'Não se pode confiar' nos EUA, diz especialista à luz de planejada retirada de Washington do Iraque

Os EUA não têm um histórico positivo no seu tratamento dos curdos no Oriente Médio, que não mudou com o novo presidente Joe Biden, pelo que eles devem se apoiar no Irã e na Rússia, segundo um analista político.
Sputnik
Com a retirada a partir de 2022 da maioria dos militares norte-americanos do Iraque, muitos curdos se sentem expostos, mas Hiwa Osman, analista político residente na cidade iraquiana de Arbil e ex-conselheiro de Jalal Talabani, um político curdo que foi presidente do Iraque de 2006 a 2014, diz à Sputnik não estar surpreendido com a ação, dada a "pobre história" de os EUA maltratarem seus aliados.

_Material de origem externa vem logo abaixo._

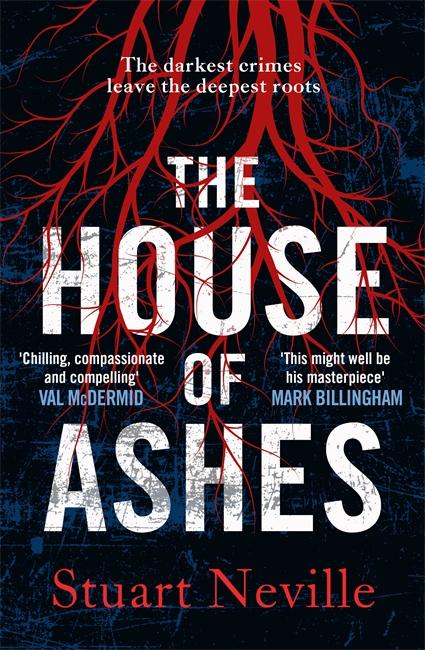 Vorderes Coverbild The House of Ashes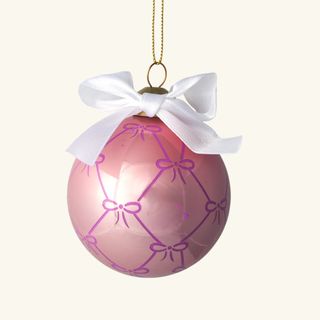 Sostrene Grene Bow Christmas Bauble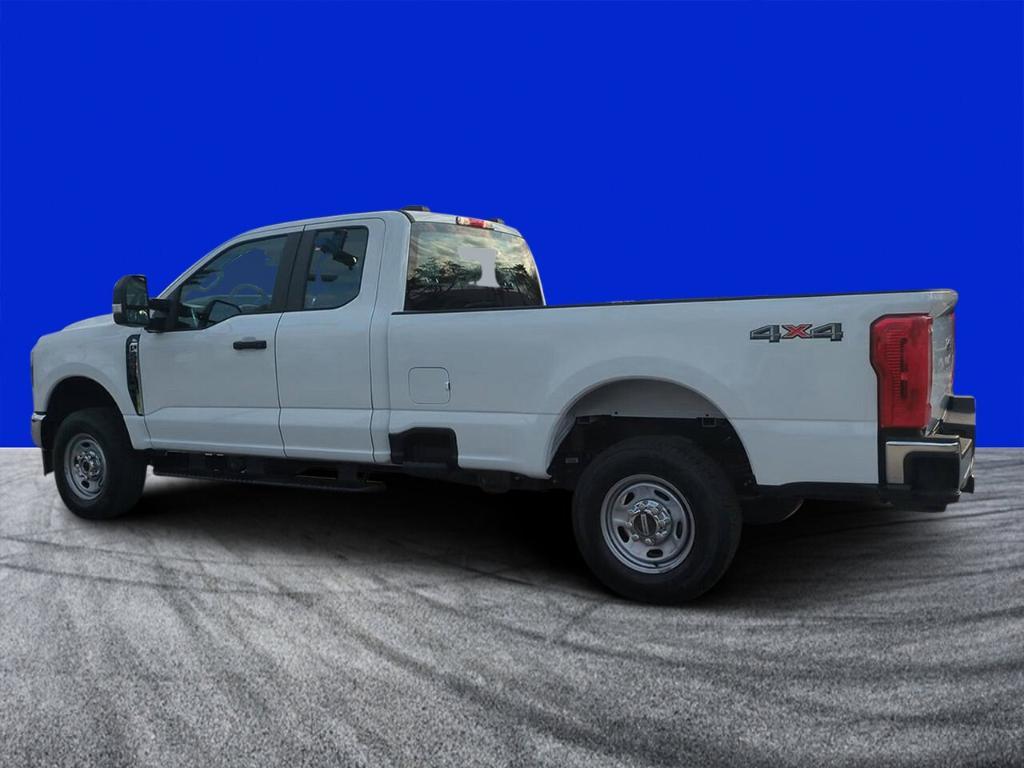 new 2024 Ford F-250 car, priced at $50,055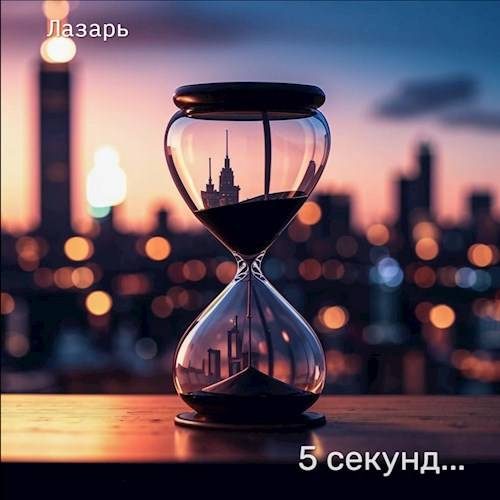 Обложка книги «5 секунд…»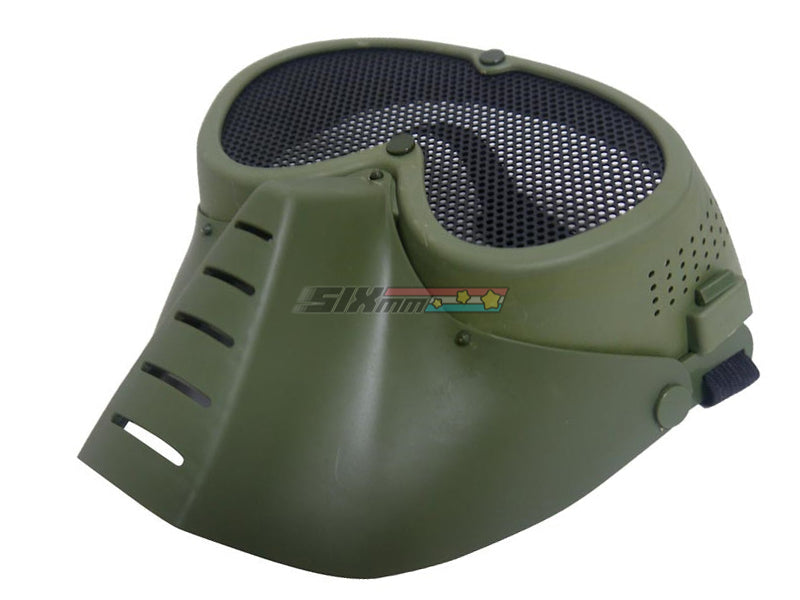 [CN Made] Typical Mesh Full Face Mask [OD]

"Eles sempre disseram que não deixariam os curdos, mas a história nos ensinou que sempre o fizeram." Na opinião dele, a saída dos EUA não transformará o Iraque em outro Afeganistão, mas o Iraque ficará "fragmentado e dividido".
Alguns dos problemas enfrentados pelos curdos incluíram tentativas do Irã e da Turquia de arrancar alguns territórios dos curdos, a falta de acordo com Bagdá sobre as receitas do petróleo e as terras disputadas e o envolvimento das forças curdas peshmerga nas forças militares iraquianas.

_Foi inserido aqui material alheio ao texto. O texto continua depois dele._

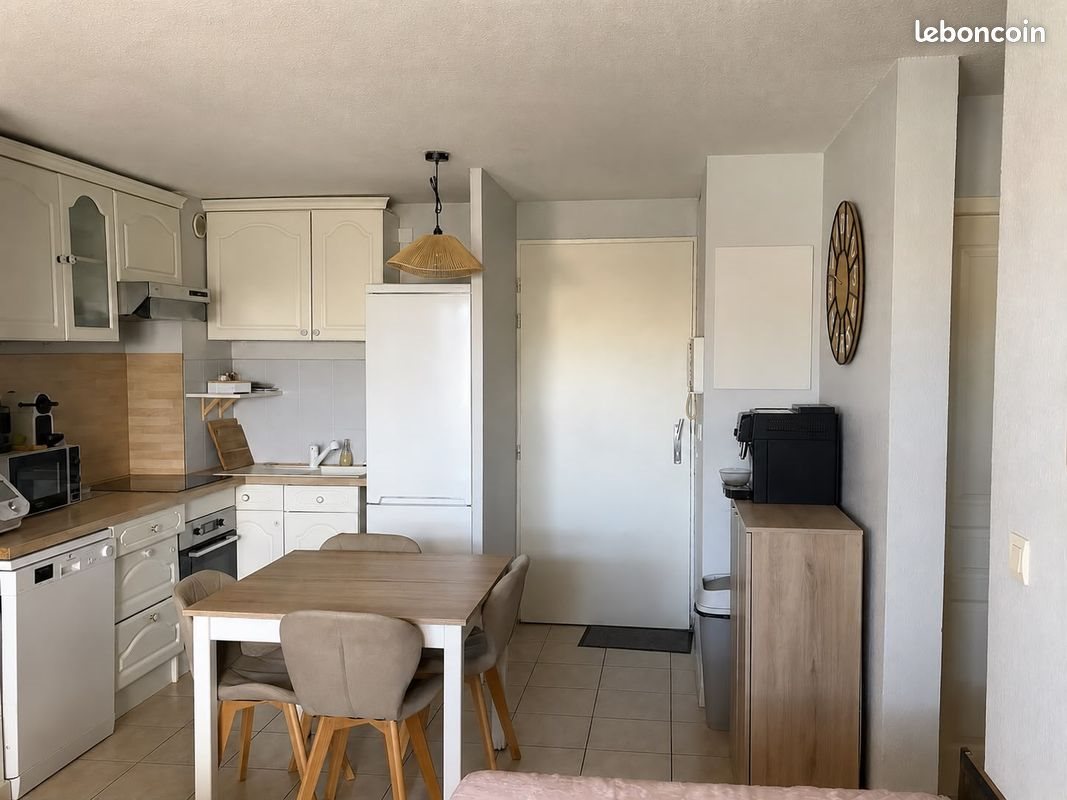 Appartement à vendre, 50m², Frontignan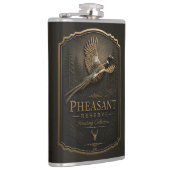 Flasques Faisan, Chasse Royale (Droite)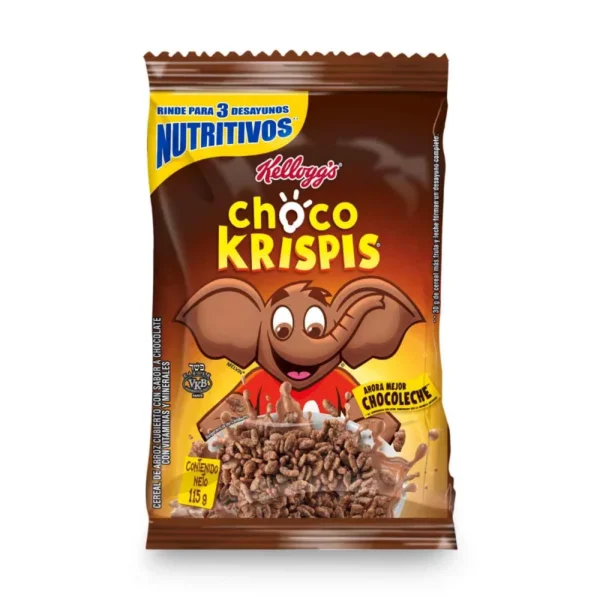 Chocokrispis Kellogs 115G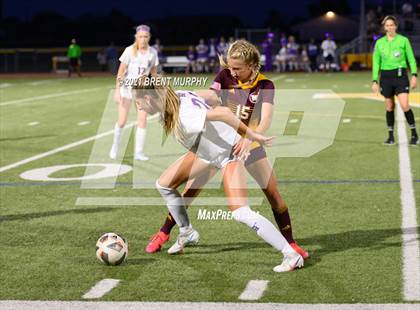 Thumbnail 2 in Holy Family @ Windsor (CHSAA 4A Quarterfinals) photogallery.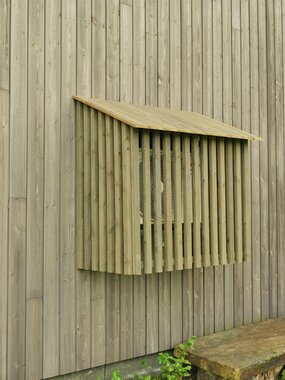 DIY - Gjør det selv - Varmepumpehus DIY - Gjør det selv - Varmepumpehus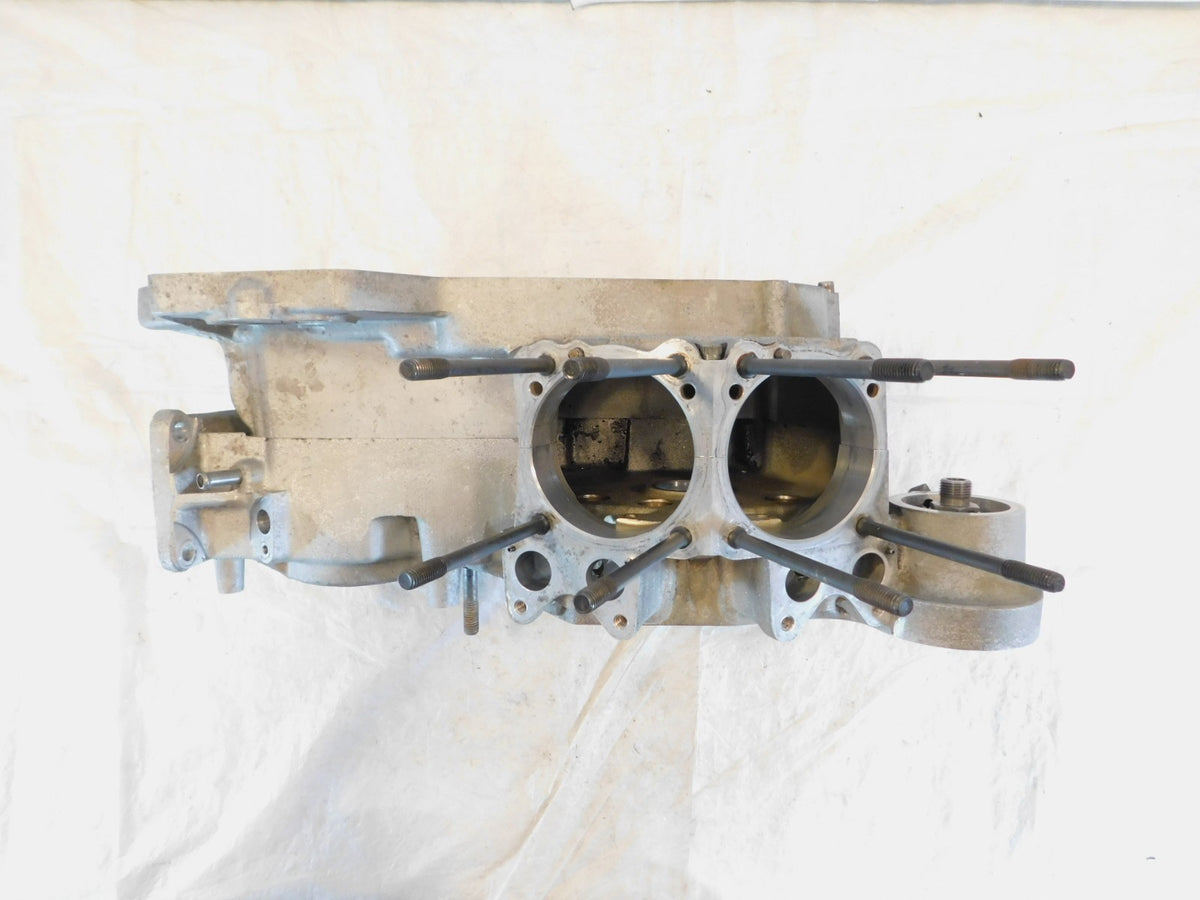 Harley Davidson Sportster 883 & 1200 Motor Engine Block Crankcase Crank Cases - C3 Cycle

Muitos curdos depositavam esperanças em Joe Biden, presidente dos EUA, ao contrário de Donald Trump (2017-2021), que foi visto como os tendo usado durante sua presidência. Apesar disso, a saída militar dos EUA deixou clara a política da administração do atual presidente norte-americano.
"O sul cairá nas mãos do Irã. No norte, onde estão os curdos, haverá uma tomada do poder pelos turcos, enquanto no centro, onde reside a maioria dos sunitas, haverá uma guerra civil", acredita Osman.

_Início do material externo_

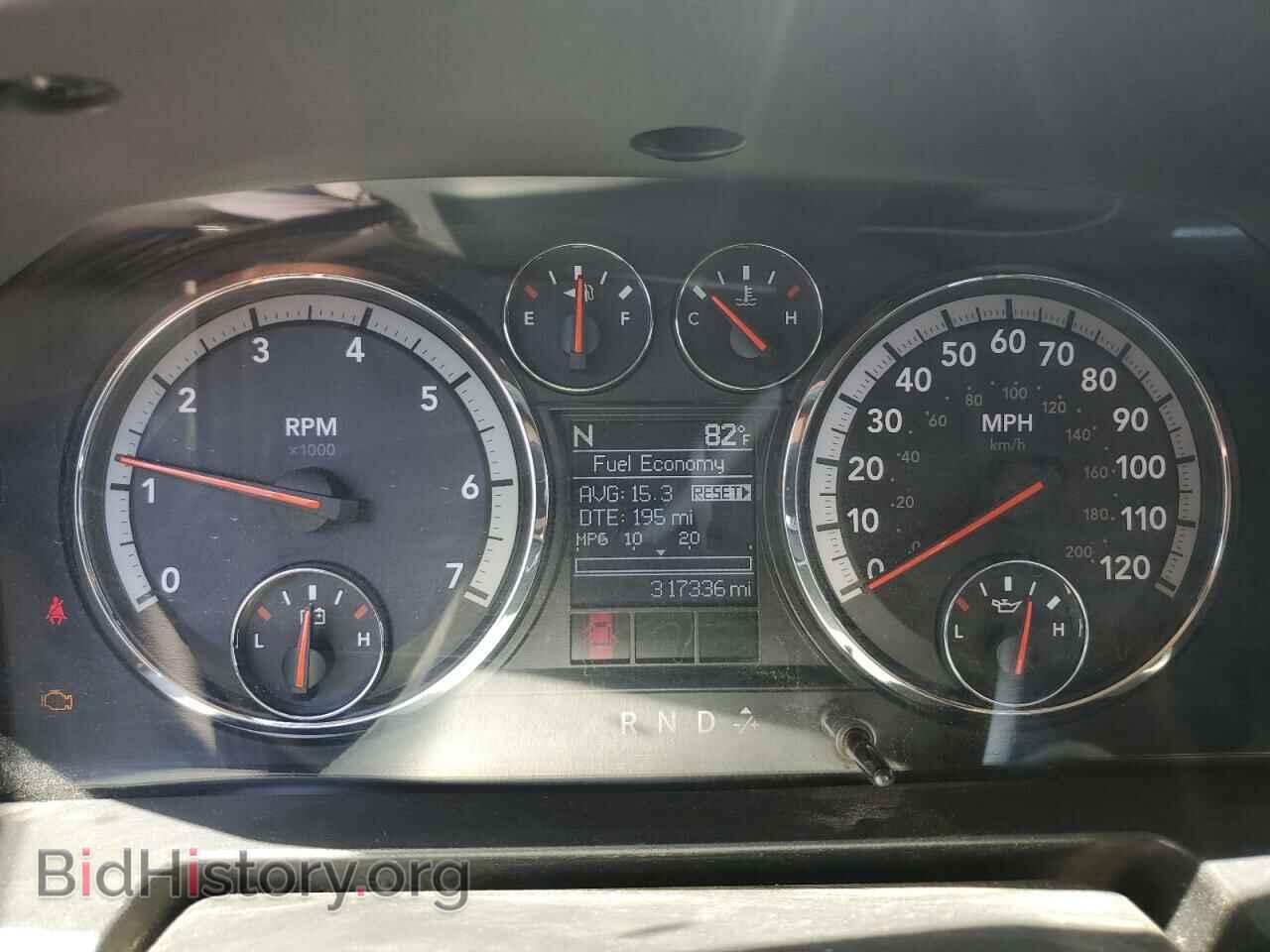 2011 DODGE All Models - VIN: 1D7RV1GTXBS631057 - Фото 9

Isso aconteceu em 1975, quando, após o tratado fronteiriço Irã-Iraque, os curdos foram atacados por Saddam Hussein, então líder do Iraque, enquanto os norte-americanos, que inicialmente pareciam ter apoiado o líder curdo Masoud Barzani, não tomaram ações.
Nos anos 1980, os curdos sofreram um revés semelhante, quando se juntaram aos guardas revolucionários iranianos na guerra Irã-Iraque. Quando as hostilidades chegaram ao fim, Hussein tornou-se ainda mais impiedoso para com a minoria étnica que havia cooperado com seu inimigo. Washington, mais uma vez, preferiu não interferir.
"Eles também deixaram os curdos da Síria", diz Osman, referindo-se à retirada de tropas dos EUA em 2019 do país governado pelo presidente Bashar al-Assad e à recusa de confrontar a Turquia por sua decisão de transferir tropas e forças aliadas para áreas controladas pelos curdos.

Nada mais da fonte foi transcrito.